The bishops of France approved new guidelines for confession at their fall plenary assembly in Lourdes.

© Mazur/cbcew.org.uk.

The bishops voted in favor of the five-page document at their Nov. 5-10 meeting, three years after a landmark abuse report urged them to “issue precise directives to confessors regarding the seal of confession.”

The new “Guidelines for confessors” said: “If a priest hears, in the context of confession, a person who is the victim of a sexual offense or crime, a minor, a vulnerable person, or even an adult, he will deploy — while maintaining absolute secrecy — his pastoral sensitivity to find out if the penitent has already been able to confide these facts to another person in whom he trusts.” 

“If this is not the case, the confessor will strongly encourage him to do so.”

The document asked confessors to be prepared for such situations by knowing the French helpline numbers for children and adults at risk.

“In his listening and his speaking, the confessor will be very attentive to victims’ propensity to feel unduly guilty,” it added.

The text also addressed the granting of absolution to penitents who have confessed to crimes, even the most serious crimes.

It said: “There is no such thing as ‘conditional’ absolution, whatever the nature of the ‘condition.’ Absolution depends on the contrition and confession expressed during the sacramental encounter.”

But the document insisted that “absolution does not exonerate the penitent from answering for his acts and their consequences.”

It said: “In certain cases, and without refusing to give absolution, the confessor points out that its effectiveness requires an act of reparation to the victims, which normally involves him. As an act of reparation, he may suggest that the penitent denounce himself to the civil or ecclesiastical authorities.”
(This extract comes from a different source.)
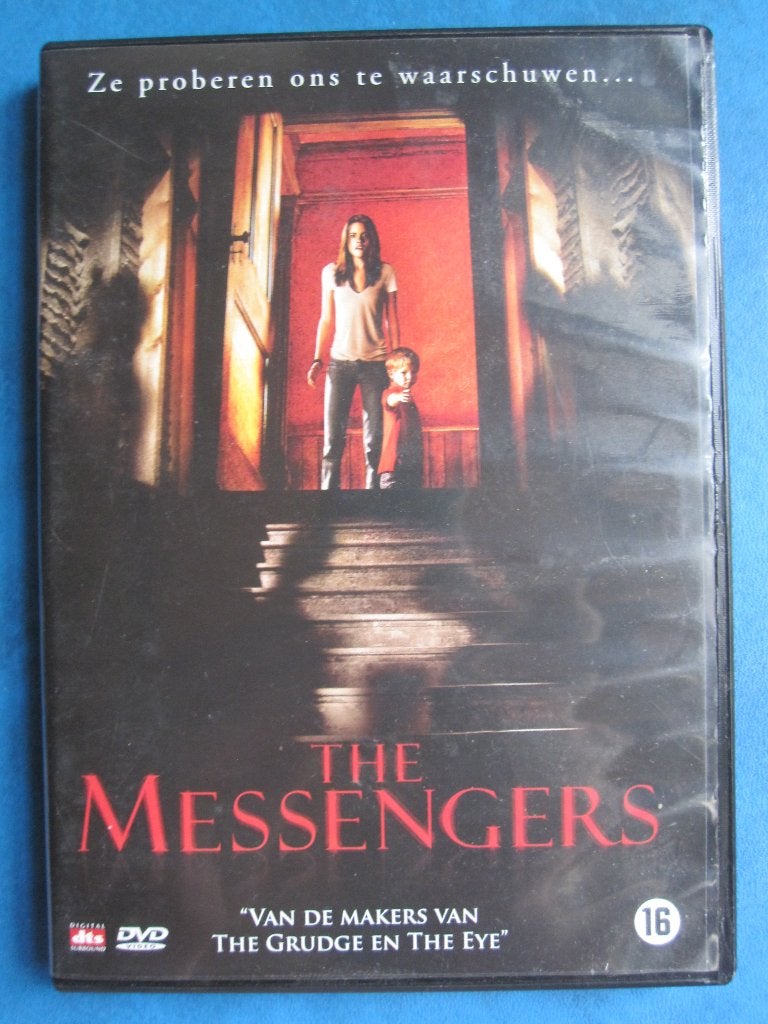 The Messengers (2007), Engels, Vanaf 16 jaar, Nederlands, Overige genres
Fr. James Bradley, assistant professor a the School of Canon Law at The Catholic University of America in Washington, D.C., told The Pillar Nov. 12 that “we often hear people speak about conditional sacraments. For instance, if there is doubt about the validity of a person’s baptism that person may be conditionally baptized.” 

“Any condition applied to the sacraments, though, has to relate to some doubt of fact or uncertain condition of the person, not a ‘condition’ in the sense of a suspension of the effect of the sacrament based on some future action.”
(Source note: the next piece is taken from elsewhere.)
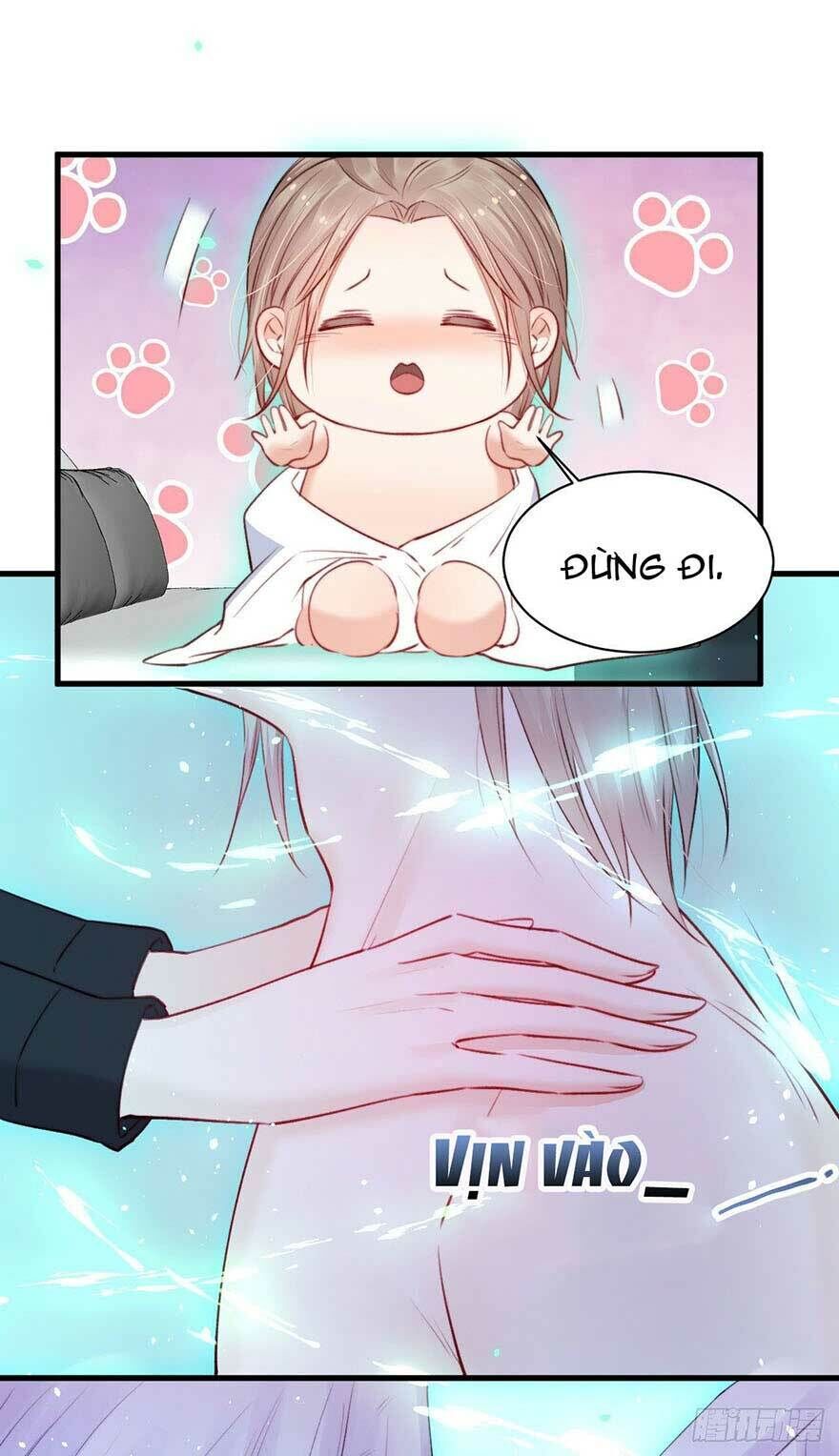 Triều Tây, Con Thích Chú Chapter 22.2 - Trang 0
“So it is not possible, for instance, to place a condition on absolution suspending the effect of the sacrament until the penitent turns his or her self in to the authorities.”
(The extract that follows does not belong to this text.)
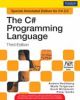 The C# Programming LAnguage, 3/e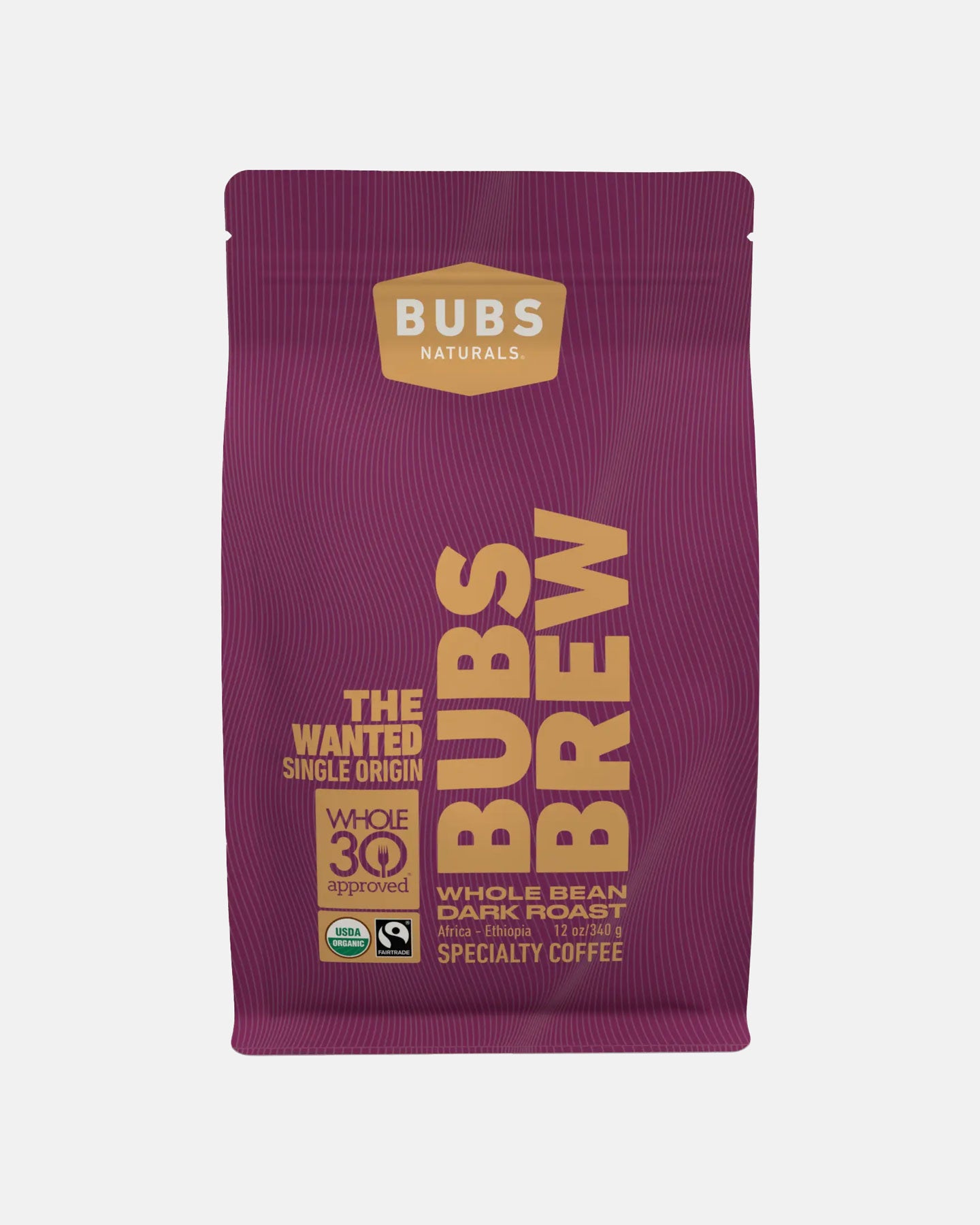 Bubs Wanted Coffee | Dark Roast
Fr. Bradley added: “The confessor may grant absolution to a penitent who confesses even grave sins and crimes, under the usual conditions. In giving salutary advice to the penitent, the confessor may encourage him or her to make some act of reparation for their sins, which may even involve the confessor counseling the penitent to turn his or her self in to the civil authorities.”

“This, however, could not be a condition for absolution, nor could the confessor require the penitent to do this; the confessor can only counsel the penitent as part of the spiritual advice he gives regarding amendment of life.”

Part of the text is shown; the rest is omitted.